§ **PROBLEM TO WORK ON**: Look through the entries below for the line with "Vista 5 de Sunset" and the line with "Ublo No2 - 50ml", then give again exactly those two lines and all lines between them, minus the pictures.

§ **DATA**:

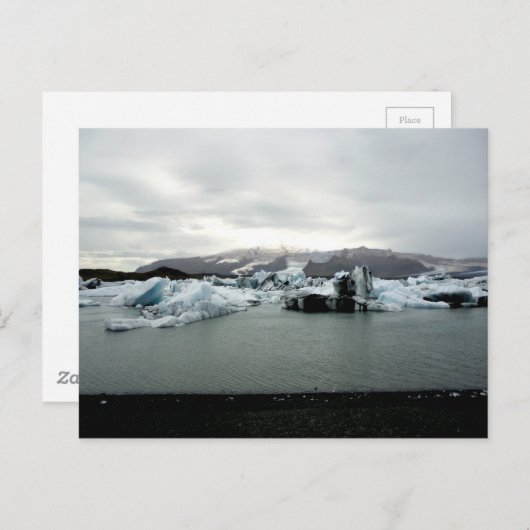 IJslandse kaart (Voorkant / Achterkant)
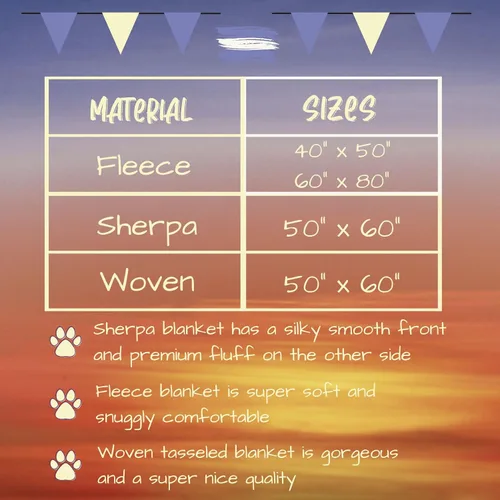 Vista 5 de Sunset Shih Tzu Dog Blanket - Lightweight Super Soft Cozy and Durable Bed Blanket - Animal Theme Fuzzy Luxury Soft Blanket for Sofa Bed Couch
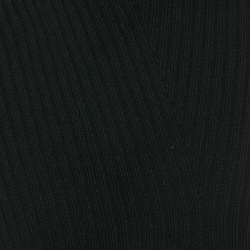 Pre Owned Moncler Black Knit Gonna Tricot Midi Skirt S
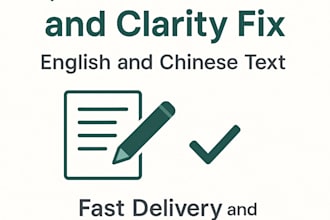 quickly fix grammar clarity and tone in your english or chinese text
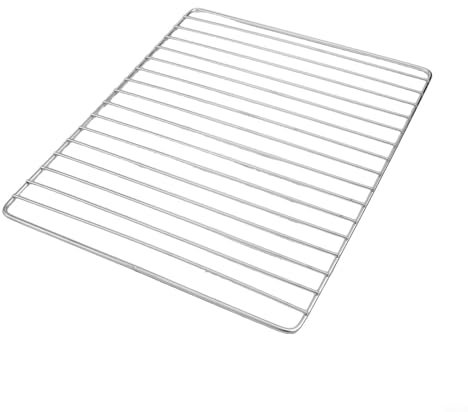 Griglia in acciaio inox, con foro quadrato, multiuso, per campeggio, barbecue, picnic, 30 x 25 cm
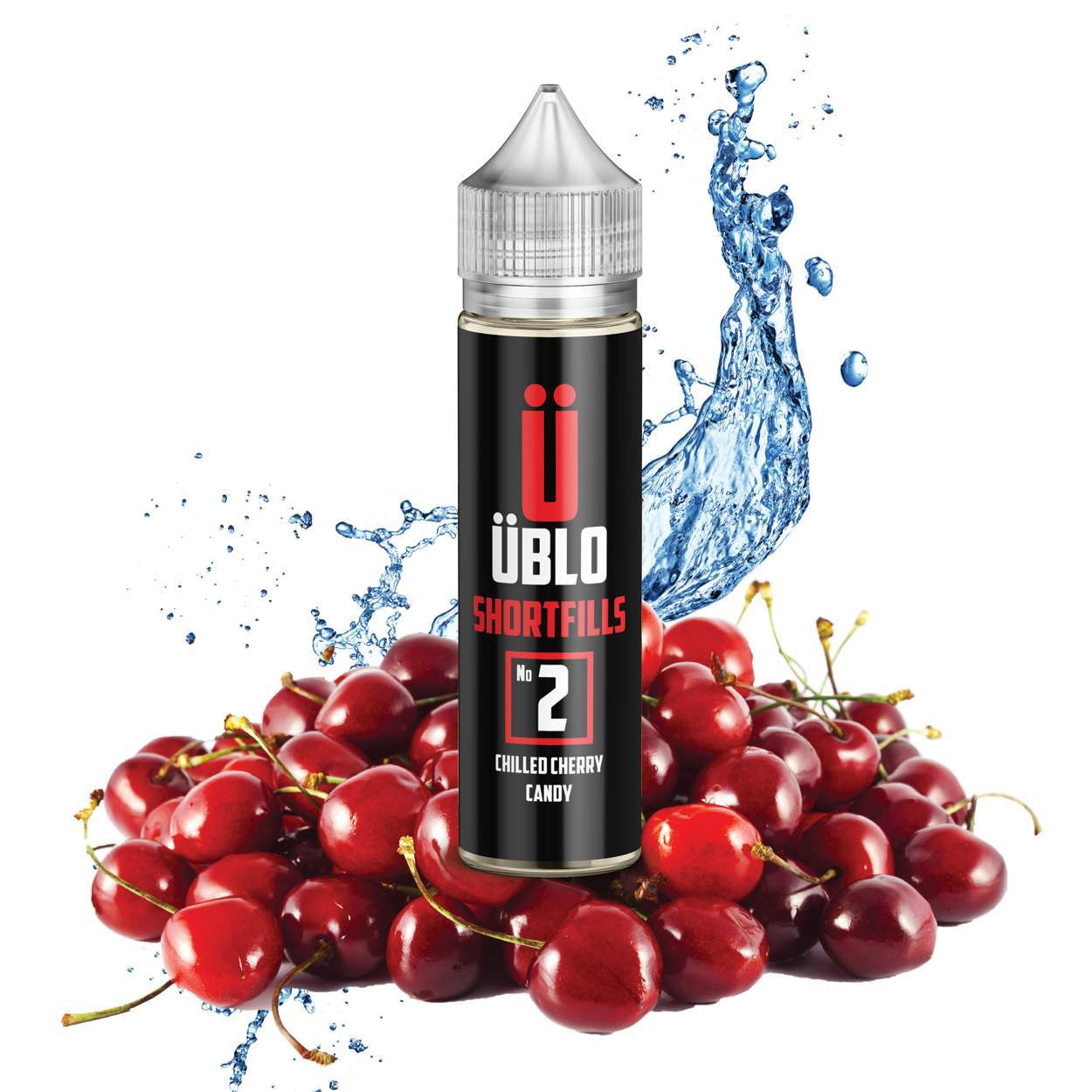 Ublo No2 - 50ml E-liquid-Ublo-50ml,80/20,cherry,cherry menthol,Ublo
--
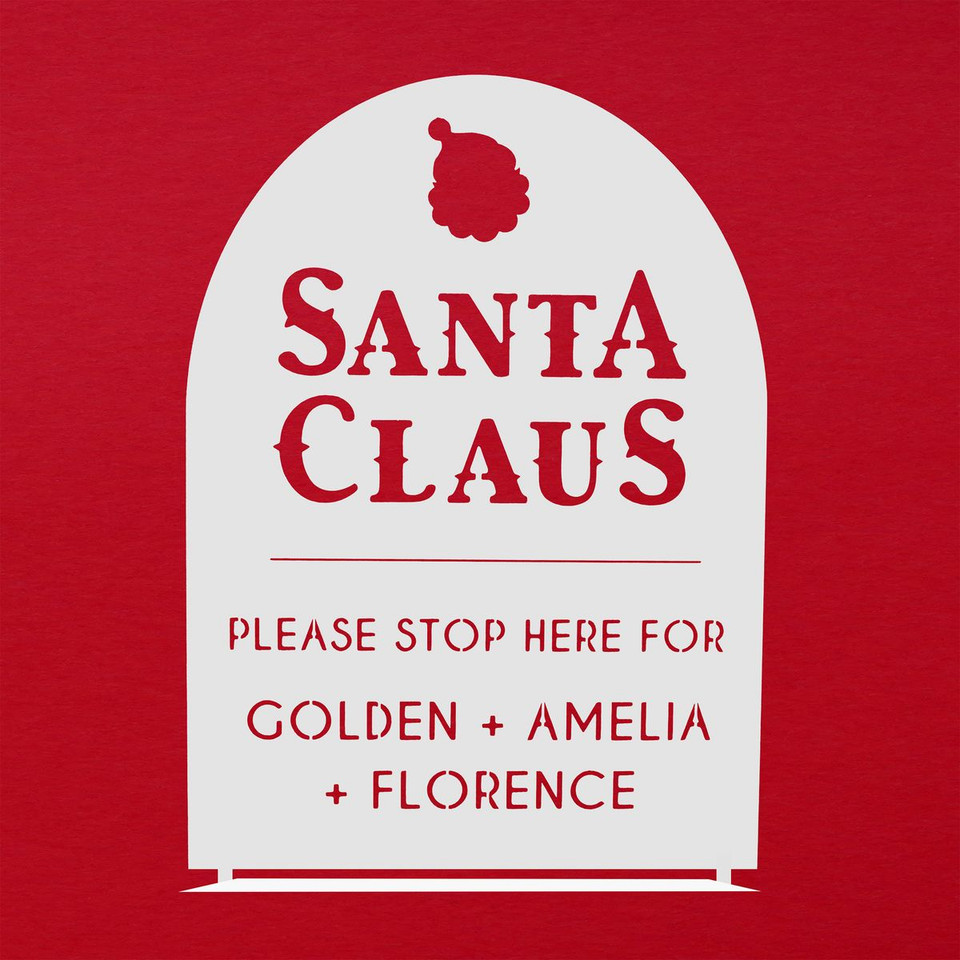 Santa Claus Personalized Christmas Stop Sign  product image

§ **RESULT BELOW**:
 Vista 5 de Sunset Shih Tzu Dog Blanket - Lightweight Super Soft Cozy and Durable Bed Blanket - Animal Theme Fuzzy Luxury Soft Blanket for Sofa Bed Couch
 Pre Owned Moncler Black Knit Gonna Tricot Midi Skirt S
 quickly fix grammar clarity and tone in your english or chinese text
 Griglia in acciaio inox, con foro quadrato, multiuso, per campeggio, barbecue, picnic, 30 x 25 cm
 Ublo No2 - 50ml E-liquid-Ublo-50ml,80/20,cherry,cherry menthol,Ublo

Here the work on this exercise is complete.